-- Provided material follows --
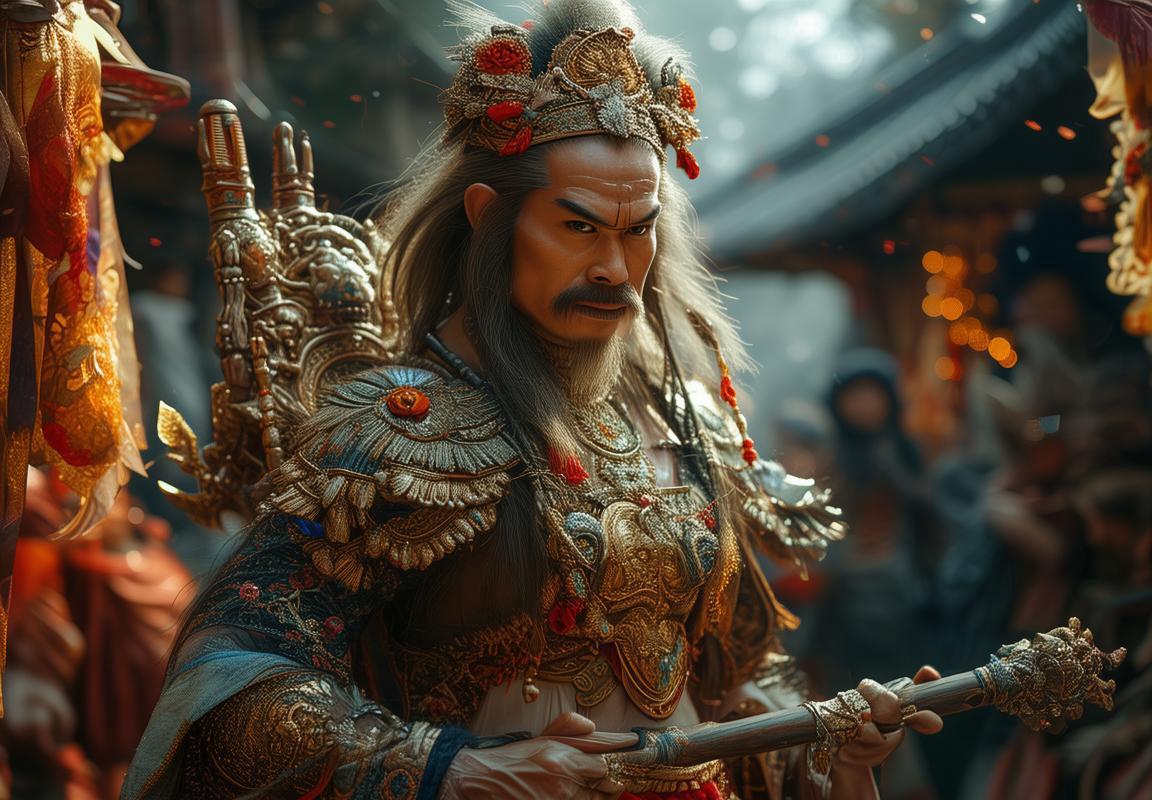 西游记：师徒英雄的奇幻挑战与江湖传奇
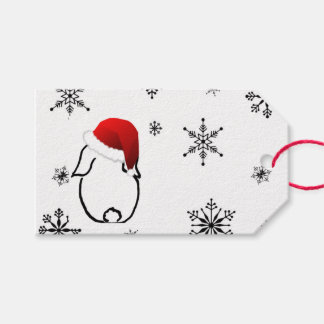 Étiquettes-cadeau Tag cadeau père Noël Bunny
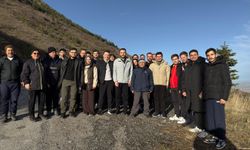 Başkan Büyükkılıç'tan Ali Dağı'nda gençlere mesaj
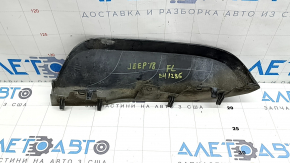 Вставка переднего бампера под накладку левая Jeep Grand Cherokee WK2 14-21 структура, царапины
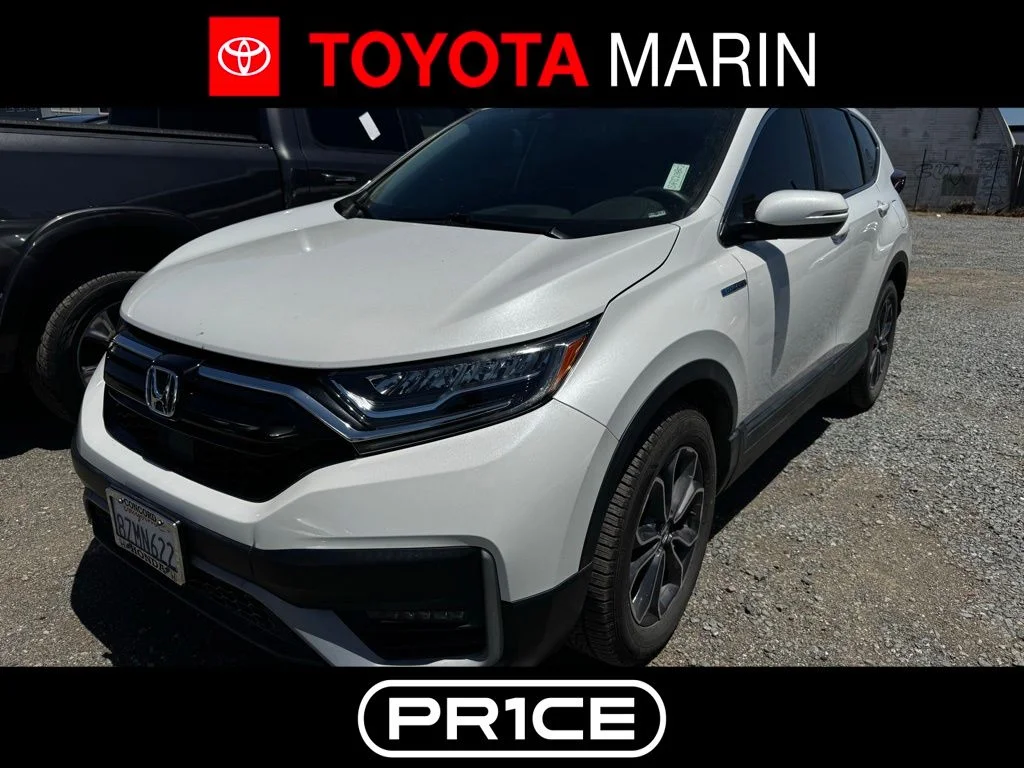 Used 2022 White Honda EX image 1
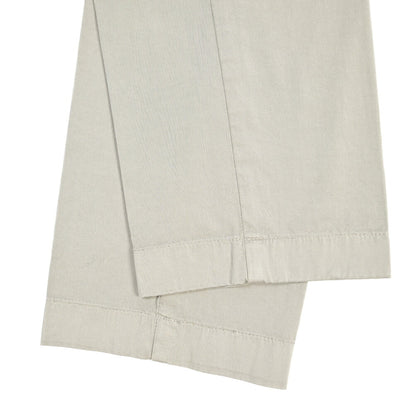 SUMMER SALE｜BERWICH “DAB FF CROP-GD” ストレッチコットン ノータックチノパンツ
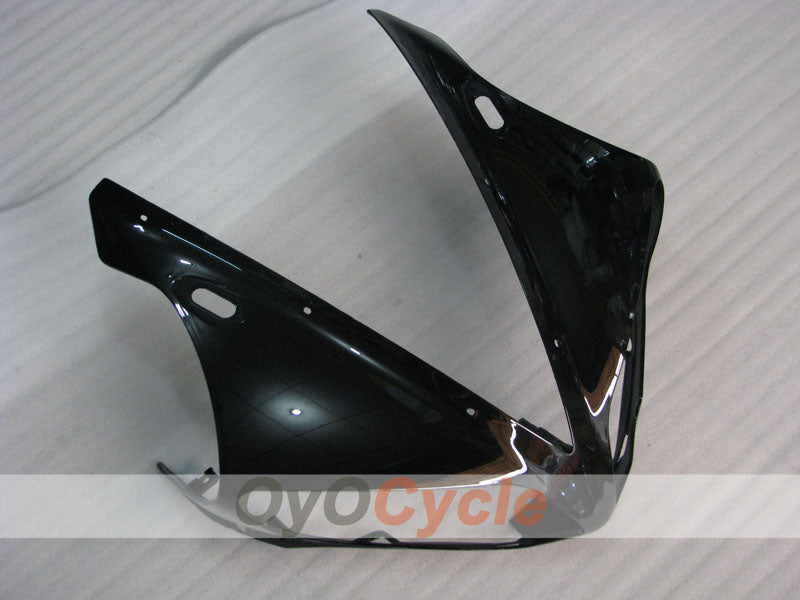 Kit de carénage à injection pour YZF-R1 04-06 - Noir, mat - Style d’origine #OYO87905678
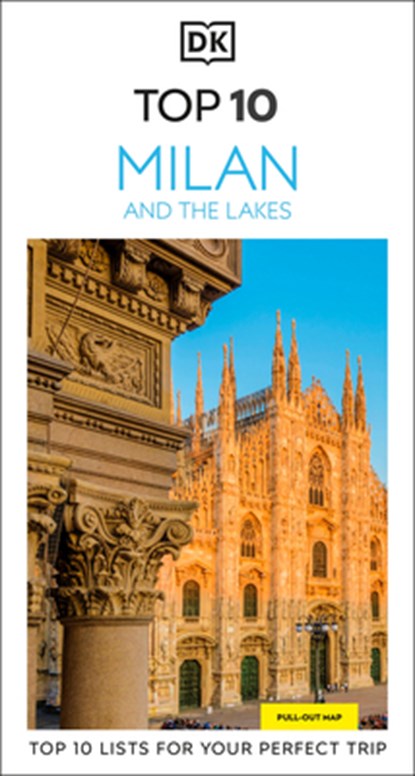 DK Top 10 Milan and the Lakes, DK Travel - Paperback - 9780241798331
-- Provided material concluded --
#### [Instructions to follow]
For the entries above, the output must hold exactly the lines from the one with "Used 2022 White Honda EX image 1" through the last line, both included, and no pictures.

#### [Solution to this task]
 Used 2022 White Honda EX image 1
 SUMMER SALE｜BERWICH “DAB FF CROP-GD” ストレッチコットン ノータックチノパンツ
 Kit de carénage à injection pour YZF-R1 04-06 - Noir, mat - Style d’origine #OYO87905678
 DK Top 10 Milan and the Lakes, DK Travel - Paperback - 9780241798331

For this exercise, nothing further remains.